Cortisol is the stress hormone that we all know too well, and that was before the pile on from the COVID-19 pandemic of 2020. Cortisol dominates our body’s survival response through the control of the fight or flight stress response. In similar effect to insulin, but in contrast to the inhibition effects found with progesterone and testosterone, metabolic endotoxemia stimulates an increase in cortisol production; the gut microbiome —> metabolic endotoxemia —> systemic inflammation (IL-6) —> increase in cortisol connection [viii]. In addition to the direct endotoxin increase in systemic cortisol, there is an indirect increase in cortisol from an increase in fat that is the result of gut microbiome —> metabolic endotoxemia —> systemic inflammation —> insulin resistance —> obesity —> increase in cortisol connection [ix].  This gut sourced endotoxemia increase in cortisol, whether direct or indirect, supercharges the immune alterations, metabolic dysfunction, epigenetic changes, and hormone imbalances that contribute to many of the diseases we see today, including what we treat here at An Oasis of Healing—cancer.

Thyroid

Even though the impact of the previously mentioned hormones on metabolism is significant and well known, there is no greater impact on metabolism than the thyroid. Thyroid drives the metabolic show. Thyroid dysfunction from metabolic endotoxemia directly connects diet —> gut microbiome —> metabolic endotoxemia —> metabolic dysfunction. This metabolic dysfunction is a direct result of thyroid dysfunction. Thyroid effects are broad to include mitochondria, energy production, and metabolism, to name a few. In metabolic endotoxemia, the interaction between LPS and TLR4 triggers systemic inflammation that is auto directed against the thyroid in Hashimoto’s thyroiditis and Graves autoimmune thyroid disease [x]. Though the mechanisms are similar, the area of activity affected in the autoimmune disease is different between the two forms of autoimmune thyroid disease.
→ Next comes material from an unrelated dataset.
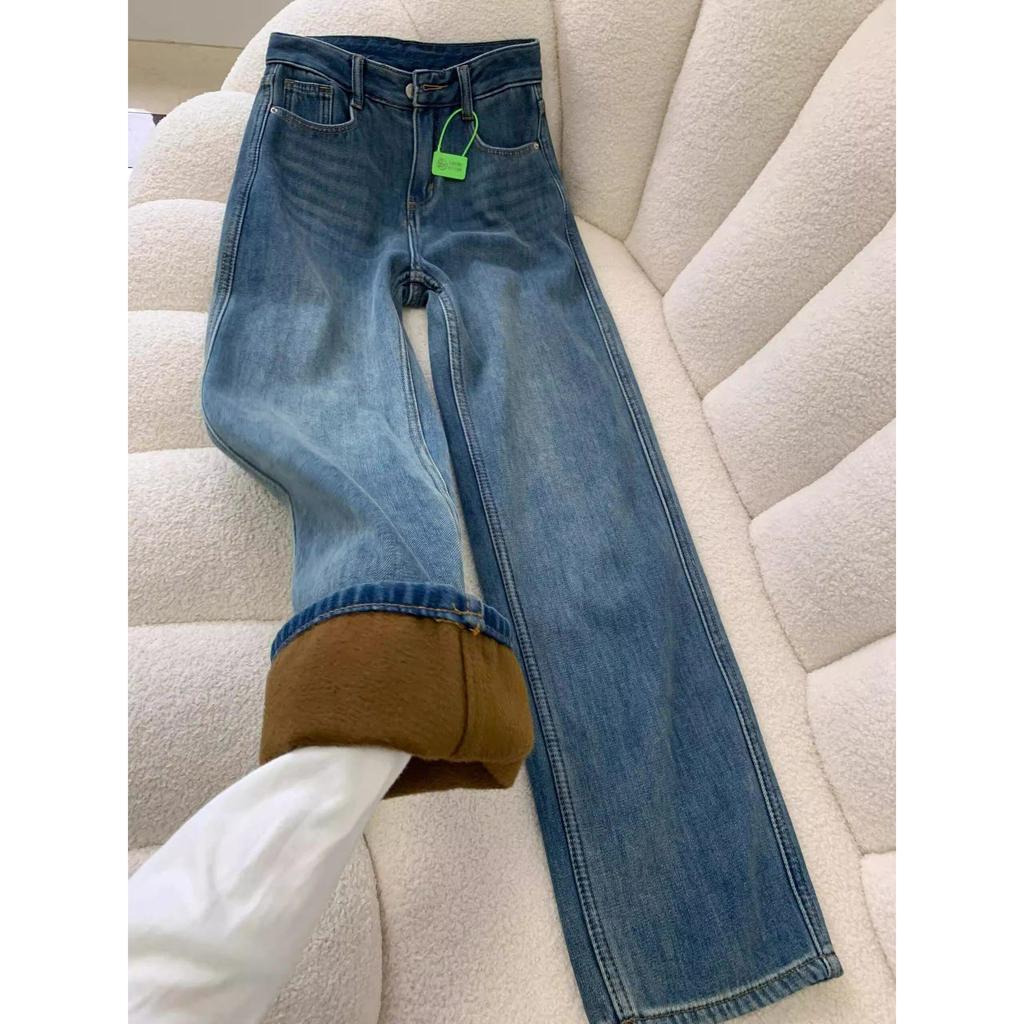 Velvet Thickened High Waist Retro Jeans - Women's 2025 Winter Collection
Thyroid dysfunction is a common condition in cancer. It is called non-thyroidal illness syndrome or NTIS, also known as sick thyroid syndrome. If inflammation is the bed cancer lays in, the inflammation that cancer further perpetuates creates NTIS and contributes to cancer growth potential. Another loop cycle of inflammation. How can this be? It comes down to genomic versus non-genomic thyroid signaling. In cancer, non-genomic thyroid signaling becomes a prominent alternative growth stimulus pathway for cancer. You read that right. Thyroid hormone, primarily T4 and reverse T3, can stimulate cancer growth non-genomically. The specifics and discussion of the mechanism here are beyond the scope of this post, but check out the talk I gave for ZRT labs for a deep dive on the topic of genomic versus non-genomic thyroid signaling in cancer.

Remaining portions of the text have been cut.